= Beginning of Section =
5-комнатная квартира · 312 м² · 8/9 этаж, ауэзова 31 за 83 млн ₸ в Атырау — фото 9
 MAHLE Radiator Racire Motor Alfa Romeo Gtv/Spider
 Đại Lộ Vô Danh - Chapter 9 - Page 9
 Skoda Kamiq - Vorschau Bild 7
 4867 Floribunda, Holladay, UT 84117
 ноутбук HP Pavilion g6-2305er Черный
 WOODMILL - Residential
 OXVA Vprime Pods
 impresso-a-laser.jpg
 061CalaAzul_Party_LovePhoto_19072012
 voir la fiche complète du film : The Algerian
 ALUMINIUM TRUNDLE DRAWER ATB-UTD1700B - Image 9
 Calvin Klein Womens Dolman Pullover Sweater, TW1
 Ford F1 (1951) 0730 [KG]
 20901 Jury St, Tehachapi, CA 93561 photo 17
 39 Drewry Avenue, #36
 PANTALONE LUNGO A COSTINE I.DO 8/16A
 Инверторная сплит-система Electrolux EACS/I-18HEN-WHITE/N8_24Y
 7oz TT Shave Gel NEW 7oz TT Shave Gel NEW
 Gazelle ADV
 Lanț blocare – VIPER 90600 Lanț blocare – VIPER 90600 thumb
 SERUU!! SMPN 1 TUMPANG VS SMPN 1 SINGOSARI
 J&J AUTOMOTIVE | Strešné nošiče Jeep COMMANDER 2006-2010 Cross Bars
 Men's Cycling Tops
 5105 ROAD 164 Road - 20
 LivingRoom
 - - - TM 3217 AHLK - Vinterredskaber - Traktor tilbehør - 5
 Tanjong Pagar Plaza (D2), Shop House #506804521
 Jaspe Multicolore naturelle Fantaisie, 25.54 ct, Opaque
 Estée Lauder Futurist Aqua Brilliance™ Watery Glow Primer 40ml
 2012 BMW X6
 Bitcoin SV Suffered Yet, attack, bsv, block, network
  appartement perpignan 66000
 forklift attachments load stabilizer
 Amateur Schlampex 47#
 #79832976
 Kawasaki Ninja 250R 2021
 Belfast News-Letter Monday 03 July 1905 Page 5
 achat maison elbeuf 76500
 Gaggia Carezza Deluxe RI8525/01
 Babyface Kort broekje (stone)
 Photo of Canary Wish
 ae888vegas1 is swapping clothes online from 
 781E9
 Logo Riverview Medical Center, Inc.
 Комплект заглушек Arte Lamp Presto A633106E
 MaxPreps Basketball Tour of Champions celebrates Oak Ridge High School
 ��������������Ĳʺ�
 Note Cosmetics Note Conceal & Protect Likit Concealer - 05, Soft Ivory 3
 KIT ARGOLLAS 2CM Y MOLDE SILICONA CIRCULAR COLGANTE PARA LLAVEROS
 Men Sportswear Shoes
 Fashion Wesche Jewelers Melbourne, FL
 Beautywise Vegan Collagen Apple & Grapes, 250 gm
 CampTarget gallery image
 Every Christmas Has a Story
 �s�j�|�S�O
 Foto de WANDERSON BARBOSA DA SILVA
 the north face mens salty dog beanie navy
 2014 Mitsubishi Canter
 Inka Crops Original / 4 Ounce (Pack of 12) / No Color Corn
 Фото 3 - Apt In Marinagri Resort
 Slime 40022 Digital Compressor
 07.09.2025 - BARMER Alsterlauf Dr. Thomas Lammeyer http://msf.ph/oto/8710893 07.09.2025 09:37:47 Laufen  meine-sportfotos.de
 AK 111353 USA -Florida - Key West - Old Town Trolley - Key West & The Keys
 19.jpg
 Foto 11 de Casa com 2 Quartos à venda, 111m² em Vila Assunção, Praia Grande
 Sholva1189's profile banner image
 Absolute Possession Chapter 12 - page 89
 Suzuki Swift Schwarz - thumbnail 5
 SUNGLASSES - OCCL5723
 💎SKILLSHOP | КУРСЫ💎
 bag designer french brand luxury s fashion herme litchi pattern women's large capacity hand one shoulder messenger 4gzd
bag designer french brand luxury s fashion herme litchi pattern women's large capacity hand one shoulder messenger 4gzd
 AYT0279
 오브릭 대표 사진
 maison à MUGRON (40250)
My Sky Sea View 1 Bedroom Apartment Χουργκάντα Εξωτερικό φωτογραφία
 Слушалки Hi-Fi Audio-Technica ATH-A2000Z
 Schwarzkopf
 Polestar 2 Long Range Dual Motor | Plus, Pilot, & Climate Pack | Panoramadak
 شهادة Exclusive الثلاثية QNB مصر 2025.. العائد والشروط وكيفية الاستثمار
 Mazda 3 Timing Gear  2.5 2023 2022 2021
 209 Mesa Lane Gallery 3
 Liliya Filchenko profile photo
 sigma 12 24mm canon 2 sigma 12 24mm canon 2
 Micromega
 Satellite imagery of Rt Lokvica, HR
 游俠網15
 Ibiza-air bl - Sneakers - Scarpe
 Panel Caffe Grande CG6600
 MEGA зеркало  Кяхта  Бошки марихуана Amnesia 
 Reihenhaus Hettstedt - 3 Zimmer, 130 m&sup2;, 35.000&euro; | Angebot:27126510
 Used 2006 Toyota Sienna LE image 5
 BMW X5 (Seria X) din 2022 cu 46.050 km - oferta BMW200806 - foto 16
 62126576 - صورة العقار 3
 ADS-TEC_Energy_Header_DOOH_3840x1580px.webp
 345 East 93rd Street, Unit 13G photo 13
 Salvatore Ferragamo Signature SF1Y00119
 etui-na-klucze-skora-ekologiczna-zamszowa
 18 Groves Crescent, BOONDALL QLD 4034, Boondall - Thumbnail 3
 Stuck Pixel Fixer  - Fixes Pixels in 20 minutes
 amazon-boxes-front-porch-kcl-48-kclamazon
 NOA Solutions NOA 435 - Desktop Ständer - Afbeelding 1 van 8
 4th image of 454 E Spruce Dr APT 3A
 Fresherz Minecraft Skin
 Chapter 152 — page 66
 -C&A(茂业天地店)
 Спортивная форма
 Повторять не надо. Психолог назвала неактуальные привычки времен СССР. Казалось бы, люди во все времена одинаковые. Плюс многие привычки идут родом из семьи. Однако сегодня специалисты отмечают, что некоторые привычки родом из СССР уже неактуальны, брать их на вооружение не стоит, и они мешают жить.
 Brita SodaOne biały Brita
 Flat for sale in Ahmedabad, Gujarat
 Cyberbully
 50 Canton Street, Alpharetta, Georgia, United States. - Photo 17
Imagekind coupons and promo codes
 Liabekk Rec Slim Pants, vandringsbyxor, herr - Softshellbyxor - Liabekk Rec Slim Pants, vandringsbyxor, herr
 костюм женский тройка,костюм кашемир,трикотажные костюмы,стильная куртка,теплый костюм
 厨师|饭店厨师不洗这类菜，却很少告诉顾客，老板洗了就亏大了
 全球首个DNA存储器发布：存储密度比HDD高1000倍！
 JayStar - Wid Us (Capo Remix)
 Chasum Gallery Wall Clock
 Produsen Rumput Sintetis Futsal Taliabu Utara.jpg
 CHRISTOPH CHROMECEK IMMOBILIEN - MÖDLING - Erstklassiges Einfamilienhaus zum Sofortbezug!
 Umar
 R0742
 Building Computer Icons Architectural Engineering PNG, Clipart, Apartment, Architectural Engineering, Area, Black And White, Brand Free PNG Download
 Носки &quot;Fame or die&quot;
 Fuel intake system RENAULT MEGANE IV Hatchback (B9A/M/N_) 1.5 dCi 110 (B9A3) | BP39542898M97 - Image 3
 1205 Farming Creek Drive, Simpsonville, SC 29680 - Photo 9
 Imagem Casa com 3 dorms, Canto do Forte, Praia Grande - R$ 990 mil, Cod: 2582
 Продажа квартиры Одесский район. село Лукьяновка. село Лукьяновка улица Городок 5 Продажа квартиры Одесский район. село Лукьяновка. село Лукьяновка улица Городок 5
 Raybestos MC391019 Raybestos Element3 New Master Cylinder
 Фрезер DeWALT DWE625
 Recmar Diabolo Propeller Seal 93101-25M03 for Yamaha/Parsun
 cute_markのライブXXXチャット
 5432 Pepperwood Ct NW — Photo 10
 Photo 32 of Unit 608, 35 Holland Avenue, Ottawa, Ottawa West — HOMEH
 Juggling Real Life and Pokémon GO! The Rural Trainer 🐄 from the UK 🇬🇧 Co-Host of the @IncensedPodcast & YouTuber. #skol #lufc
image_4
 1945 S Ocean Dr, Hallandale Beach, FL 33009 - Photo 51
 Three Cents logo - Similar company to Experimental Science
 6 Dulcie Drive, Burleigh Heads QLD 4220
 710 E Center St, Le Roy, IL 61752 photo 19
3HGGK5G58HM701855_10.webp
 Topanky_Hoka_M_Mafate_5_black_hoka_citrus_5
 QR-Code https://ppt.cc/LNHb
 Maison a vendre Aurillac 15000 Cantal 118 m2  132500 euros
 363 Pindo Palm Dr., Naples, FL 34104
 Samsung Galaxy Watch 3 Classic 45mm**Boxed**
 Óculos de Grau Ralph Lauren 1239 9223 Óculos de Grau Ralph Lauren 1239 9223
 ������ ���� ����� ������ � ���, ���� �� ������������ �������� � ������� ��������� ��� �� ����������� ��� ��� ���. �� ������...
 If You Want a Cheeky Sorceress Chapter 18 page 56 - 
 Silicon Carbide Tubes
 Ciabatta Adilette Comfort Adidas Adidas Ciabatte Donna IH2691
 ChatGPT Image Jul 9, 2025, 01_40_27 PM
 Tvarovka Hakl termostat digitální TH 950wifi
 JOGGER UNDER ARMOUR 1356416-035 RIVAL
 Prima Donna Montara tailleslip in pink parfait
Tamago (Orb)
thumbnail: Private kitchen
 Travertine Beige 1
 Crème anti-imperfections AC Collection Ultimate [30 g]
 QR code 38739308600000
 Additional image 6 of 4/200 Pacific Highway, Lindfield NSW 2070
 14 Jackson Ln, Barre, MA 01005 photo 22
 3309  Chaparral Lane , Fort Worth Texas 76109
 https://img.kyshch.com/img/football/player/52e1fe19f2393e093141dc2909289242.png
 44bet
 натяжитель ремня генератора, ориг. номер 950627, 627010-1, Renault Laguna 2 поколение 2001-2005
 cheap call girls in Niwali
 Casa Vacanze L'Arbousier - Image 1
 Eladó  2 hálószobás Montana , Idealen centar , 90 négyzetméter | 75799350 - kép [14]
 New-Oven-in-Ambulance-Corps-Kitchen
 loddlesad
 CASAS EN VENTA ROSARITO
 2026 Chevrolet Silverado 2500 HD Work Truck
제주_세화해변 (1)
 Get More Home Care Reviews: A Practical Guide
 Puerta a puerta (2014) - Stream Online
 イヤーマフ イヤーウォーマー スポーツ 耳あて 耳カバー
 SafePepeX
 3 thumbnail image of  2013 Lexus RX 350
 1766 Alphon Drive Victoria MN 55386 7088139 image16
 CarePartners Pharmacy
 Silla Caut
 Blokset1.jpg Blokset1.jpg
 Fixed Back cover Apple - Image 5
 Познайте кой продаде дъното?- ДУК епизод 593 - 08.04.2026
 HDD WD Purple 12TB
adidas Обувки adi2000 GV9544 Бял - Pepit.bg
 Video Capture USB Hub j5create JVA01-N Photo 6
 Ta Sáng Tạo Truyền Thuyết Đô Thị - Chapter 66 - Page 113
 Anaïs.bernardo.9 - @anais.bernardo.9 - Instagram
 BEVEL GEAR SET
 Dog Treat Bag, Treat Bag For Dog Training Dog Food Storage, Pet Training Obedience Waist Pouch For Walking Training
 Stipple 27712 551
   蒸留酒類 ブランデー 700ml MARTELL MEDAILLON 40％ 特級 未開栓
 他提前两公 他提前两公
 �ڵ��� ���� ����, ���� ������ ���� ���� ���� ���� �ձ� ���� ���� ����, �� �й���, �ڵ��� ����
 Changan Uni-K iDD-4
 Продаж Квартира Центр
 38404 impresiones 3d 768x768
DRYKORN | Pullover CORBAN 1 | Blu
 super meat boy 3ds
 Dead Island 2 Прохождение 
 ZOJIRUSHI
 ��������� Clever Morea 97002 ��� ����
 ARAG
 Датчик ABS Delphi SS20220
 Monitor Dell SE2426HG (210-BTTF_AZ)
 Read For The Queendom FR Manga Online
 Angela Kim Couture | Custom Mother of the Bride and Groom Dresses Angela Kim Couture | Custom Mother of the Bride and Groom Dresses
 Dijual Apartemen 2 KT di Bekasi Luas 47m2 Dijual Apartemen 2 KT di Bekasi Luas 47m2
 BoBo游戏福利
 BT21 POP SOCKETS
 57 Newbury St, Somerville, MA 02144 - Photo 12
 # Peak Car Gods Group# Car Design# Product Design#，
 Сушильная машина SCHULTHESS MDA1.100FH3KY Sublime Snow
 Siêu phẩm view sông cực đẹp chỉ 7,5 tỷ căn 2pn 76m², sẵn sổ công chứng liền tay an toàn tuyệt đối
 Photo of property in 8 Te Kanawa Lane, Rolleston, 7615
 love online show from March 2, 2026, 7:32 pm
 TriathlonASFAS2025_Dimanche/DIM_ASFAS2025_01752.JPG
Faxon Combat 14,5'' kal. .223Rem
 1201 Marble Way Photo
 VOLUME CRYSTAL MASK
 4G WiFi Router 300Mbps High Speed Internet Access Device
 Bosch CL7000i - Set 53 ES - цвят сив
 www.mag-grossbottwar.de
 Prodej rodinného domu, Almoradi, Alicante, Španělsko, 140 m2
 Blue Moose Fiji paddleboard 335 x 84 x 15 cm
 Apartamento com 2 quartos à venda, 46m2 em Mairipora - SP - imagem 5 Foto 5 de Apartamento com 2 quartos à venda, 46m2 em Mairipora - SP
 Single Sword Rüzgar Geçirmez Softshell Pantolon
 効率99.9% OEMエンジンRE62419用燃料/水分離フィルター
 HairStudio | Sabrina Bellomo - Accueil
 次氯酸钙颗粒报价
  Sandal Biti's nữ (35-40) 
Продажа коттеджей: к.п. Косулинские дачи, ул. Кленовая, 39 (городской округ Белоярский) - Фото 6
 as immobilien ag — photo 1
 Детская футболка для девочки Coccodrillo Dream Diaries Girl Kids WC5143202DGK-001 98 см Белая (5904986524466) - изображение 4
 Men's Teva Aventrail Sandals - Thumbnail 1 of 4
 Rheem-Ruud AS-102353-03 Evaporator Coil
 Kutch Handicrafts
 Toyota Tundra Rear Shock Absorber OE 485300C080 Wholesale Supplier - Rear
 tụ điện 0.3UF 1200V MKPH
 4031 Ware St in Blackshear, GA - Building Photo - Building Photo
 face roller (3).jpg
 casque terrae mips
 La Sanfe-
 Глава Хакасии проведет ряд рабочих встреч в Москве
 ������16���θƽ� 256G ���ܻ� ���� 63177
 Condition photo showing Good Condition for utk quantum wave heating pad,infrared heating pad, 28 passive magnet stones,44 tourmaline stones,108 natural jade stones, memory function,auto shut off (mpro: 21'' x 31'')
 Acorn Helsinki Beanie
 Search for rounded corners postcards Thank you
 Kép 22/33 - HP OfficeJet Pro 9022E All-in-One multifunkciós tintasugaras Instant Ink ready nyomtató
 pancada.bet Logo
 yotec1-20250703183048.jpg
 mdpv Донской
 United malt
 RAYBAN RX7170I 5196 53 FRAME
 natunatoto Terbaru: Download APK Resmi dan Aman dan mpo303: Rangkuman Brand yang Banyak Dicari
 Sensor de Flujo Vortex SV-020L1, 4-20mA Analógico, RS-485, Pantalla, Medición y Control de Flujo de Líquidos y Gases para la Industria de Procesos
= End of Section =
What is needed »
Lines of the listing above that include the string "from" should each be copied.

Task answer »
 ae888vegas1 is swapping clothes online from 
 Juggling Real Life and Pokémon GO! The Rural Trainer 🐄 from the UK 🇬🇧 Co-Host of the @IncensedPodcast & YouTuber. #skol #lufc
 love online show from March 2, 2026, 7:32 pm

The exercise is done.